In total, three articles fulfilled the inclusion criteria. The total Downs and Black checklist scores ranged from 11 to 23 points, showing that the articles were of poor to good methodological quality. The included studies were heterogeneous, both in terms of treatment protocols and in terms of outcome parameters. Pooling of data for a meta-analysis was not possible. Therefore, we were limited to describing the included studies. The included biofeedback study demonstrated that skin temperature training might improve the patients’ ability to raise their skin temperature aiming at stress alleviation. All three studies reported positive effects of biofeedback/neurofeedback in supporting smokers to quit. Furthermore, individualized electroencephalography neurofeedback training showed promising results in one study in modulating craving-related responses.
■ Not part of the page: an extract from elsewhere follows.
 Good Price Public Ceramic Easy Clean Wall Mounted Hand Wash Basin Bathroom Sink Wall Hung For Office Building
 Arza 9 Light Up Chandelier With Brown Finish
The results of the present review suggest that biofeedback/neurofeedback training might facilitate smoking cessation by changing behavioral outcomes. Although the investigated studies contained heterogeneous methodologies, they showed interesting approaches that could be further investigated and elaborated. To improve the scientific evidence, prospective randomized controlled trials are needed to investigate biofeedback/neurofeedback in clinical settings for smoking cessation.